Compared to modern graphics, Comanche can’t compete using voxel based graphics (something Minecraft is known for) but is still far more than playable. The Comanche itself is rendered faithfully in all its slim, angular glory. Enemy vehicles are also surprisingly well rendered though explosions and fire effects are sprite based. The voice acting is purely functional: grainy radio, straightforward down to earth like real military communications. The biggest letdown to the audio is probably the music: MIDI synthesized tracks that are short, repeat fairly often and venture into cartoonishly simple and annoying. Turning it down to background levels keeps it tolerable.
From what I remember this game can/could use a HOTAS and peddle set up back in the day, but will be equally well served today by something as basic as a Logitech 3D Pro with rudder twist. What prompted me to seek a way to play it is the dissatisfaction I got from Comanche 4 on Steam. It was just too quick and arcady. Cartoonish almost. Not so with Gold. The Comanche feels nimble without feeling weightless and even with altitude/hover hold, skimming over sometimes rough, voxel rendered ground, through m valleys and around trees is challenging without being overly difficult.

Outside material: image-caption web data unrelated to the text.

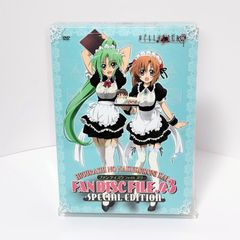 TV 애니메이션 [히구라시가 없을 무렵에 해] DVD 팬 디스크 FILE.03 (2 장 세트) <첫회 한정판> 미개봉품 용기사 07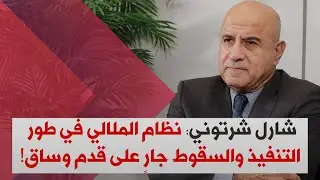 شارل شرتوني: انتهى زمن 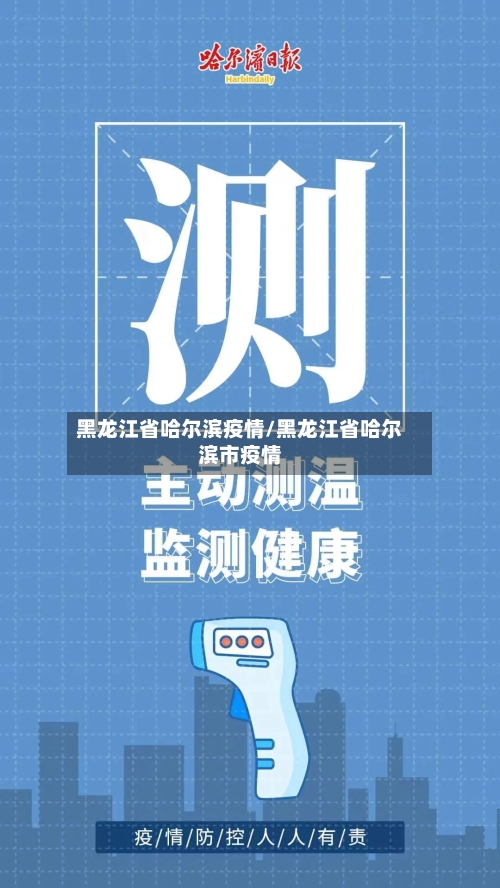 黑龙江省哈尔滨疫情/黑龙江省哈尔滨市疫情-第2张图片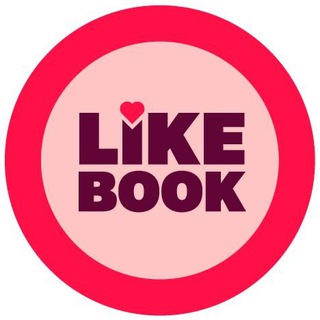 ИЗДАТЕЛЬСТВО LIKE BOOK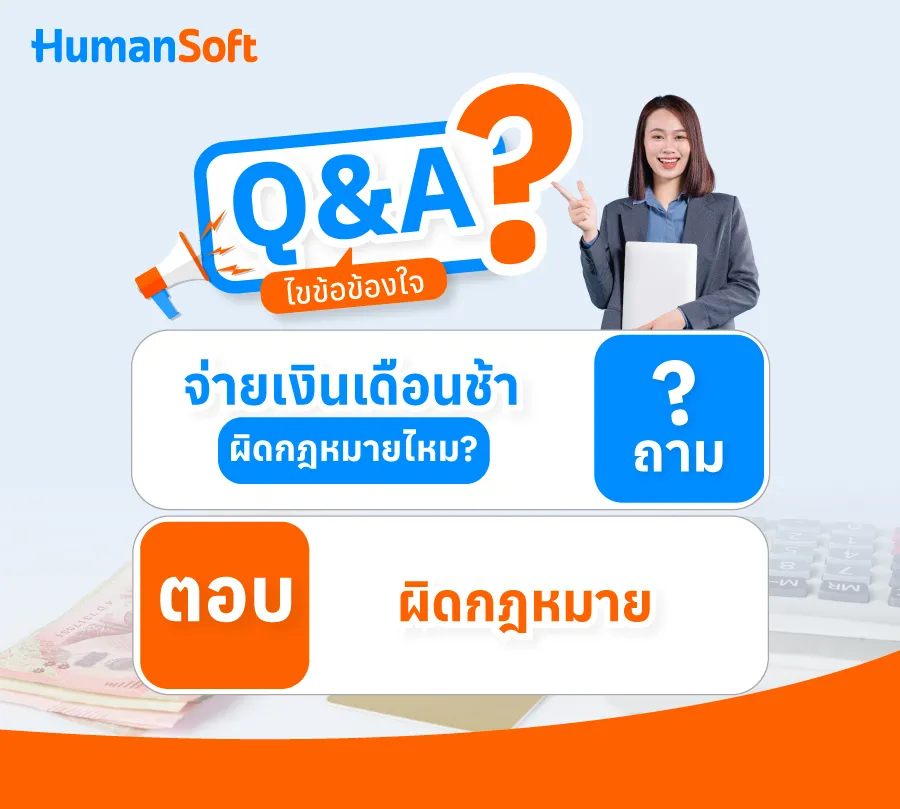 จ่ายเงินเดือนช้า ผิดกฎหมายไหม? ทางออกที่ผู้ประกอบการควรรู้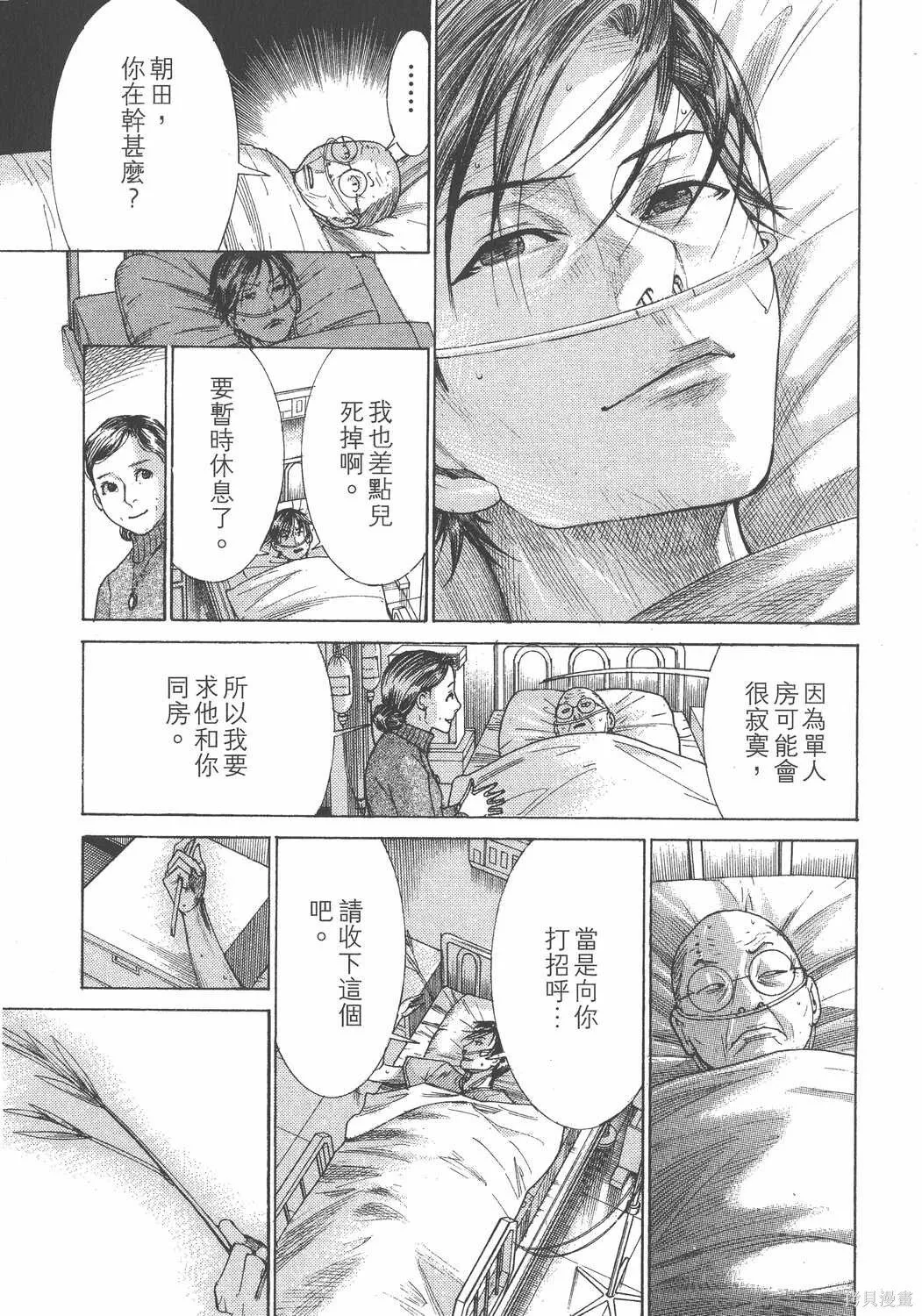第24卷 第162页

While flying you have full control over most of the helicopter’s functions: Opening and closing bay doors, ejecting stub wings to maintain your stealth profile, engine startup and shutdown, team mate commands, landing gear, varying multi-function displays, landing and reloading at re-arming points. You can also suffer system-specific damage if you nose into the ground or take too much fire. Damage to your rotary cannon means it may fire unreliably if at all, damage to the main and tail rotors means less control, shaking and shimmying and more difficulty flying effectively. Damage to your airframe means you’re more detectable.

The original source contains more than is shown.